An unnoticed network of channels is cutting across the coastal plain landscape along the Gulf Coast and influencing how water flows, according to research from The University of Texas at Austin that could help predict flooding from major storms in the future.
The coastal plains are relatively flat, which has kept most research on flood risk and water flow focused on large rivers in the region. But the new research led by scientists with UT Austin and the Water Institute of the Gulf revealed that although the surface elevation is steady, the landscape is covered in narrow but deep channels that play an important role in moving water.
“Typically, flood risk has been characterized in Texas and Louisiana based on how close you are to a river,” said the study’s lead author, John Swartz, who started the research as a doctoral student at the UT Jackson School of Geosciences and is now a research scientist at the Water Institute of the Gulf. “But we see through things like Hurricane Harvey that what is happening to the broader landscape when there is a lot of water present is really important.”
The research is published in the journal Nature Geoscience.
Scientists said that understanding the specifics of how the channels move water – especially during floods – in different areas will require more research, and ultimately the findings will need to be incorporated in national and regional flood models.
Channels on their own are not an uncommon sight along the coastal plain.

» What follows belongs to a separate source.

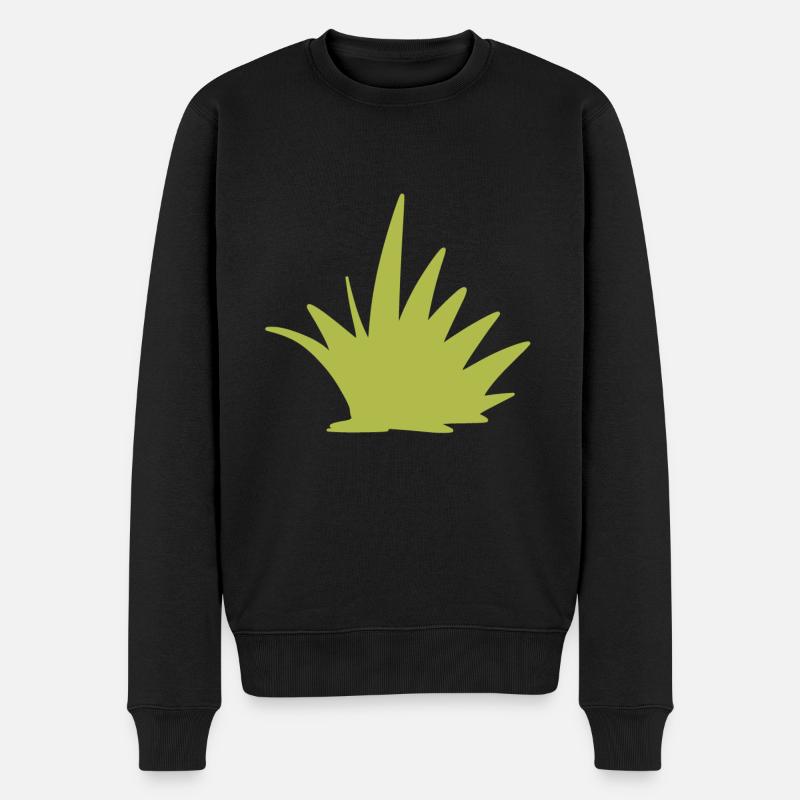 herbe symbole nature plante vert - Pull Premium bio Homme - noir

However, researchers were able to show the full extent of the branching networks they form by creating a high-resolution elevation map spanning the Gulf Coast from Texas to Mississippi.

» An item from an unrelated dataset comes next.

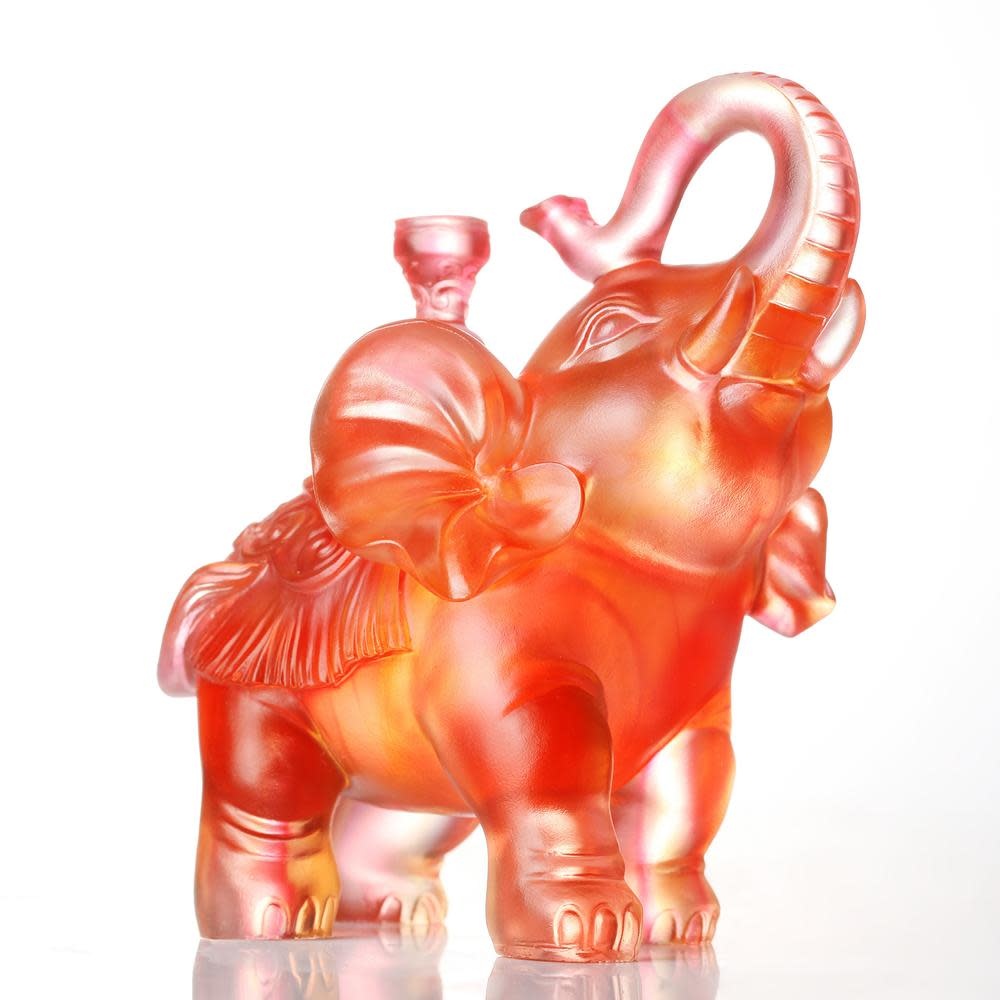 LIULI Crystal Art Crystal Elephant Sculpture, "The Auspicious Elephant"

The data for the map came from state and federal agencies – including the Texas General Land Office Natural Resources Information Service, the U.S. Geological Survey and the Federal Emergency Management Agency – which collected the information over the years for local and regional use.

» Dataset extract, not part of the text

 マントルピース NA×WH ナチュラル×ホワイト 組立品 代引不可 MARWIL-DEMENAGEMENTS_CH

As it became public, Swartz and his collaborators used the chance to piece it together and get the most comprehensive and detailed look yet at coastal plain topography.
The map captured every 3 meters of the coastal plain and measured elevation changes within a few centimeters. At this scale, a complex array of channel networks emerged.
The channel networks covered more than 12,000 square miles, or about one-third of the study region, and were separated into more than 40 distinct drainage basins. The depth of these basins can be as large as 22-32 feet, which is comparable to the depths of the larger rivers in the area.
“The surface is far from flat,” said co-author David Mohrig, a professor at the Jackson School. “And how the topography is distributed has significant consequences for how extreme precipitation is routed across the landscape.”
The study has already led to important geological insights about how these channel networks form and evolve.
For example, in most geological settings drainage basins are formed by erosion hollowing out a landscape over millions of years. But in the case of the coastal plain networks, the basins are built up at their edges by accumulated sediment, which was deposited on the landscape by the region’s rivers when they followed different paths hundreds to thousands of years ago. As the rivers’ paths change in the future, the sediments they leave behind will likely define the edges to new drainage basins – and a reshaping of the drainage channels and coastal plain landscape.
According to Douglas Edmonds, an associate professor at Indiana University Bloomington who was not part of the study, these findings indicate that the coastal plain is a much more dynamic landscape than many geoscientists thought.
“It’s really thought provoking,” he said. “I think it challenges a lot of our models for how we think water sculpts the land surface and how it organizes into drainage basins.”
Mohrig said that this study exemplifies a growing research stream at the Jackson School called “environmental sedimentology,” which focuses on how the dispersal and buildup of sediments over time affects human communities and larger ecosystems.
The study’s other co-authors include scientists from UT Austin and the California Institute of Technology.